Si riporta la sensazione, visitando ripetutamente tutta la valle, che le suggestive costruzioni megalitiche già individuate, vogliano comunicare il proprio messaggio e invitare gli studiosi del nostro tempo a indagare ulteriormente sulla civiltà antichissima di cui sono testimoni, sulla montagna del sole, il Gargano.
Ritengo, infatti, che la spiegazione più logica, il filo conduttore dell’insediamento dolmenico sia il Sole, dio della vita, cui sono rivolti riti propiziatori, sacrifici e tutti gli aspetti della vita quotidiana della comunità neolitica, testimoniati da altri elementi osservabili nella zona, come lo sperone di roccia lavorato dai primitivi e posto in un punto sopraelevato per rilevare dei fenomeni e “riferirli” agli altri componenti della comunità o come i tanti sentieri scavati nella roccia e segnalati da monoliti o menhir, ormai crollati sul terreno (foto n°19-22-23).

Al di là di ogni suggestione, comunque, e di ogni passione per la mia terra d’origine, la valenza della zona dolmenica è di grande importanza e sarebbe già possibile organizzare un percorso per visitatori e appassionati, per consentire loro di fruire della conoscenza dell’insediamento dolmenico di Pulsano-Valle Spadella.
Monte Sant'Angelo ha alle spalle una storia gloriosa ed è sede di monumenti importanti di cui si sta occupando l'Unesco a proposito della “Via Sacra Langobardorum”, e che potrebbero, a breve, essere insigniti del riconoscimento di “Patrimonio dell'Umanità “.
E sarebbe paradossale che questo ambito riconoscimento giungesse proprio mentre le ruspe delle costruzioni abitative incombenti violassero il sito dolmenico, privando il territorio, e non solo, di un importante documento delle proprie origini.

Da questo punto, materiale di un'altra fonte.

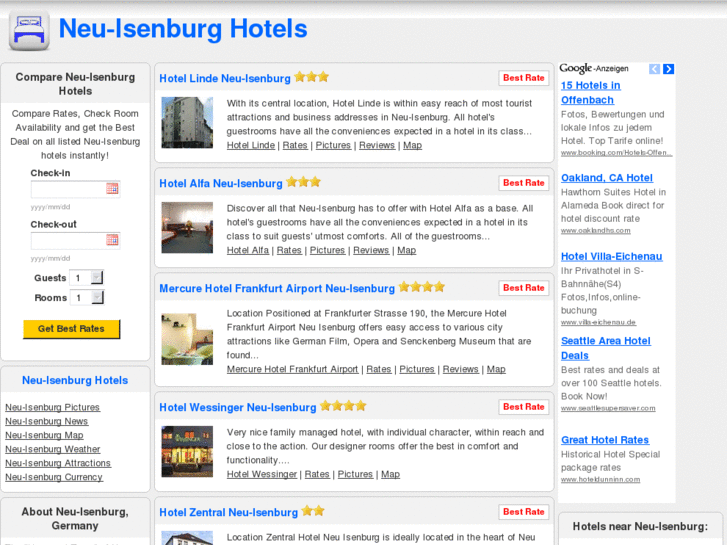 www.neuisenburghotels.com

Benevento, 13 Novembre 2015

Arch. Raffaele Renzulli

Il 26 giugno 2011 l’Unesco ha concesso il riconoscimento di “patrimonio dell’umanità” alla basilica di San Michele di Monte Sant’Angelo. Molta emozione per me perché il riconoscimento Unesco riguarda, contemporaneamente, anche la chiesa di Santa Sofia a Benevento, la città in cui vivo e lavoro dal 1972. E spero vivamente che possa essere lo stesso, prestigioso, riconoscimento Unesco a proteggere anche il sito dolmenico dalle ruspe e dagli indugi degli esperti.